You can’t stop pollution unless you know where it’s coming from. And in the case of downtown Minneapolis, it could be coming from seemingly anywhere. The city’s dense urban center is almost completely covered in impervious surfaces like streets and buildings. Every rainfall washes pollutants off of those surfaces and out into the Mississippi River, via the city’s stormsewers.
But what if some types of surfaces are more polluted than others? And what if, by knowing which ones are the most polluted, we could target projects to capture and treat the runoff in an efficient, cost-effective way?
That’s the premise of a study we’re conducting with help from the University of Minnesota. Together, we’re running a series of experiments designed to tell us the type and amounts of pollutants coming off of four distinct types of downtown surfaces: streets, sidewalks, parking lots, and rooftops.
The motivation to start this initiative began as part of our watershed modeling project. The MWMO is in the process of creating water quality models for our entire watershed. These models are designed to help us understand and predict the amount of stormwater and pollution that will be generated during storm events. We will use the model results to help plan and target pollution reduction strategies, targeting those areas that are the dirtiest.
One challenge of the water quality model that we’re using is that it treats pollution from all impervious surfaces the same, regardless of type. This technique is sufficient for other areas in the MWMO watershed, where impervious surface are intermixed amongst the pervious; but, in the case of downtown Minneapolis, this approach will result in a kind of “blob” in the data outputs.
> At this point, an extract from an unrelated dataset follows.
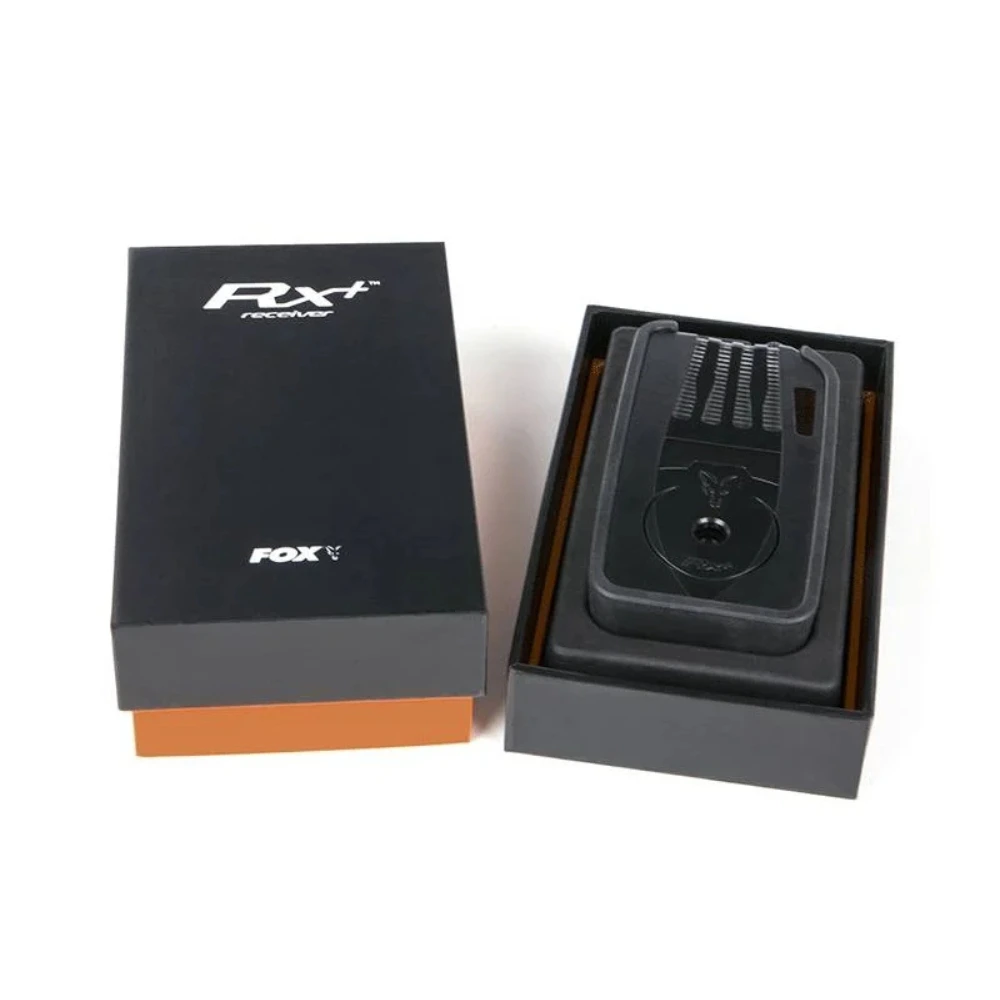 FOX RX+ Micron Receiver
By gathering more detailed information on pollutant loading from downtown surfaces, we’ll be able to better target pollution mitigation strategies.
Beginning earlier this year, staff from the MWMO’s water quality monitoring team joined with researchers from the university’s Department of Bioproducts and Biosystems Engineering to collect samples of runoff from strategically chosen locations downtown. The team is analyzing the water quality characteristics of each of the samples, with the goal of determining which types of surfaces are producing the most polluted runoff.
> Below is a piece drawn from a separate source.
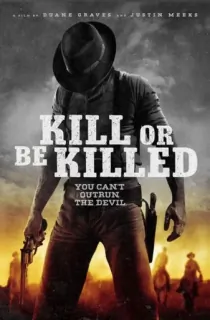 Kill or Be Killed (2015) Dual Audio {Hindi-English} 480p [350MB] | 720p [900MB] | 1080p [1.8GB]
We’re collecting samples from a total of 12 different sites, which includes three of each type of surface targeted by the study. To get a more accurate representation of the runoff characteristics, the team is collecting the data at three different times throughout the year — once each in the summer, fall, and spring. Doing so will allow them to account for seasonal fluctuations in pollutant levels (think leaves in the fall and road salt in the spring).
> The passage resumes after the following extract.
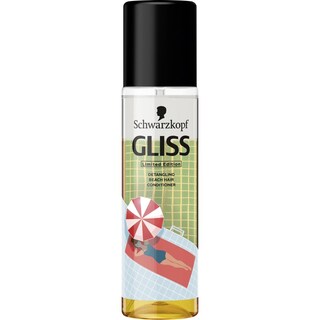 GLISS | Conditioner Spray Detangling Beach Hair 200ml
Collecting these samples proved to be a tricky endeavor. In the case of the rooftop sites, the team had to devise a way to capture runoff and divert it so that it could be sampled using automated equipment. Meanwhile, capturing runoff from heavily trafficked streets, sidewalks and parking lots proved to be even more challenging. To ensure their data-collection methods were sound, the team needed to find a way to simulate rain events artificially.
Professor Bruce Wilson had a solution: rain simulators. These special machines are designed to imitate natural rainfall to help researchers study erosion and other stormwater-related issues. The university had already used rain simulators in similar research projects on highway construction. The team was able to borrow a rain simulator from the Minnesota Department of Agriculture for the downtown runoff study. (See the video below.)
Although such studies are not totally unique, one has never been done in Minneapolis. Our study may help confirm national datasets. The MWMO is uniquely positioned to undertake this type of urban stormwater research, and we hope that others will be able to draw lessons from our findings.